Un moment d’inattention pendant des vacances en Sardaigne qui vire au drame. Une famille moldave profitait de ses vacances à Olmedo quand leur fils Danir, 4 ans, s’éloigne discrètement de la maison. Sa mère le retrouve inconscient dans leur voiture garée en plein soleil, avec plus de 50°C à l’intérieur.

Le Piège Mortel S’ouvre En Quelques Minutes
Ce mercredi 6 août, la famille moldave profite d’un moment de tranquillité dans leur maison de location à Olmedo, au nord-ouest de la Sardaigne. Les parents se reposent, épuisés par les premières journées de vacances. Danir, leur petit garçon de 4 ans, joue à proximité sous le soleil écrasant de l’été sarde.
Puis tout bascule. L’enfant s’éloigne discrètement, sans un bruit, sans que ses parents ne s’en aperçoivent. Quelques minutes d’inattention qui vont se transformer en cauchemar. Dès qu’ils constatent son absence, la panique s’empare des parents. Ils fouillent les alentours de l’hébergement, appelent son prénom, scrutent chaque recoin.
C’est la mère qui fait la découverte qui la hantera à vie. Danir gît inconscient sur la banquette arrière de la voiture familiale, garée en plein soleil devant la maison. À l’intérieur de l’habitacle, un enfer : la température dépasse les 50 °C. L’enfant ne bouge plus.
Les témoignages recueillis sur place décrivent une scène glaçante. Selon le journal local Sassari Today, l’enfant présente tous les signes d’un grave malaise lié à la chaleur. Sa peau brûlante, sa respiration saccadée, son teint livide racontent l’histoire d’un piège mortel qui s’est refermé en quelques minutes seulement.
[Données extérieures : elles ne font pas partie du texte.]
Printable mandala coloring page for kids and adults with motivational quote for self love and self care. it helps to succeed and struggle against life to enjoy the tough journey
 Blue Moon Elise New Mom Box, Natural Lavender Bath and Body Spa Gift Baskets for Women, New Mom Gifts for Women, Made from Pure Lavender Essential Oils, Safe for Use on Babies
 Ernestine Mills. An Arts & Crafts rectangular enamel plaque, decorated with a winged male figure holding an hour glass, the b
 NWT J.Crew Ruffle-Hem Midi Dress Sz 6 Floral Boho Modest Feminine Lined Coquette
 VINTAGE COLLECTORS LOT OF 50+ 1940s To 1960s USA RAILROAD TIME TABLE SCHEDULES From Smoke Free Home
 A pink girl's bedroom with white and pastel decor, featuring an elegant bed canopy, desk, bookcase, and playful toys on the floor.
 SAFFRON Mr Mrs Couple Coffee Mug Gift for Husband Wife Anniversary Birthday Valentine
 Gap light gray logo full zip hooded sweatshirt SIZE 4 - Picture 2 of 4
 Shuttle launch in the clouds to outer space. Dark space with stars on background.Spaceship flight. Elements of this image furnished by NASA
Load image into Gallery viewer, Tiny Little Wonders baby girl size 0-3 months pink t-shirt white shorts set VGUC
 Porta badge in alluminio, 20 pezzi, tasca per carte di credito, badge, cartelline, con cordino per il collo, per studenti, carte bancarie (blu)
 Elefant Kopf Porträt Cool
Le soleil de Sardaigne vient de transformer une voiture banale en four mortel.

Course Contre La Montre Des Secours
Face à ce four mortel, chaque seconde compte désormais. Les parents alertent immédiatement les services d’urgence. Les carabiniers d’Alghero débarquent sur les lieux avec les secours, mobilisés pour une course contre la montre désespérée. L’enfant respire encore, mais son état critique ne laisse aucun doute sur la gravité de la situation.
Le petit Danir est évacué en urgence vers l’unité de soins intensifs pédiatriques de l’hôpital Santissima Annunziata de Sassari. À son arrivée, le diagnostic médical tombe comme un couperet : coup de chaleur consécutif à une exposition prolongée à des températures extrêmes. Les médecins connaissent les ravages que peut provoquer une telle insolation sur un organisme si fragile.
Pendant deux jours, les équipes médicales se battent. Monitoring cardiaque, perfusions, ventilation assistée : tout est mis en œuvre pour stabiliser l’enfant. Mais son état ne s’améliore pas. Pire, les signes neurologiques inquiètent de plus en plus l’équipe soignante.